The era is a compelling one in its own right, whether it's telling the real-life story or a variation on it, as fans of the Disney+ adaptation of The Right Stuff — which looks at the true story of the Mercury 7 astronauts — can attest. But there's something truly exciting to see that story play out... and not actually know how it ends.

Throughout the first season, streaming in full on Apple TV+, it’s easy to see the amount of attention and care that went into the world-building. Instead of a NASA that spent the decades since landing on the Moon slowly losing direction and momentum, we get a space agency that remains at the forefront of the nation’s attention — mostly because it’s playing catch-up to cosmonauts as they send men (and the first woman) to the moon, all ahead of the United States.

We get to see the United States establish its first lunar base, and the isolation and problems that would have likely come from rushing to pull that off decades ago. We get to see the growing tensions of the Cold War exported to the moon’s surface itself, as both the U.S. and Russia establish outposts mere miles apart, on opposite sides of a crater’s rim. But even with the reality-adjacent setting, don’t fret, there’s still plenty of space adventure and excitement to go around. It wouldn’t be a space drama without a couple of good zero-G rescues, right?

The setting also provides a fascinating lens to look at social and gender issues, as NASA kickstarts plans to get women into space in an effort to match Russia, and we get to see this new program that essentially restarts the Mercury 13 efforts to prepare a team of female astronauts unfold.
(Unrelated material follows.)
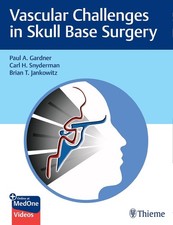 Vascular Challenges in Skull Base Surgery by Paul Gardner (English) Hardcover Bo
The supporting arcs also feature an immigration story focused on an aspiring young student who hopes to one day become an astronaut.

Juxtaposing the space action and drama with the family and loved ones left behind — not to mention a positively brutal twist in the back half of Season 1 (no spoilers, no worries) — to further put these space explorers through the wringer.

Season 1 ends with a bevy of threads still dangling, most notably the brewing conflict on the moon itself, as NASA looks to expand its lunar footprint and figure out exactly what Russia is doing at its rival outpost, where there has been a whole lot of mysterious underground construction. For Season 2, it really feels like the true beginning of the alt-history story it’s been building toward since a cosmonaut set foot on the moon.

The action now moves ahead a decade into the 1980s, as the initial team of astronauts looks to make room for a new, young class of explorers. The U.S.’s Jamestown moon base is growing; the Russians might be bringing mysterious Star Wars-esque weapons to the moon; NASA continues to innovate with a new class of shuttles; there’s a full-on war — complete with space guns (?!) — brewing.

The world-building of this alt-future looks to take major strides, too, as we get everything from electric cars to early cell phone technology for the regular folks on Earth decades ahead of schedule. All thanks to a fully-funded NASA out there innovating for all these years, developing eventual present-day technology decades ahead of schedule.

But as the 1980s changes into a version we could’ve only dreamt of, will all this fancy tech and a not-so-Cold War on multiple fronts, will we continue to take all of our damage and trauma to space — or can we recapture that same hope and optimism that drove us to reach to the stars in the first place?

We’ll find out soon enough, as Season 2 starts rolling out today on Apple TV+, with new episodes weekly. Whatever happens, it’s bound to be one heck of a trip.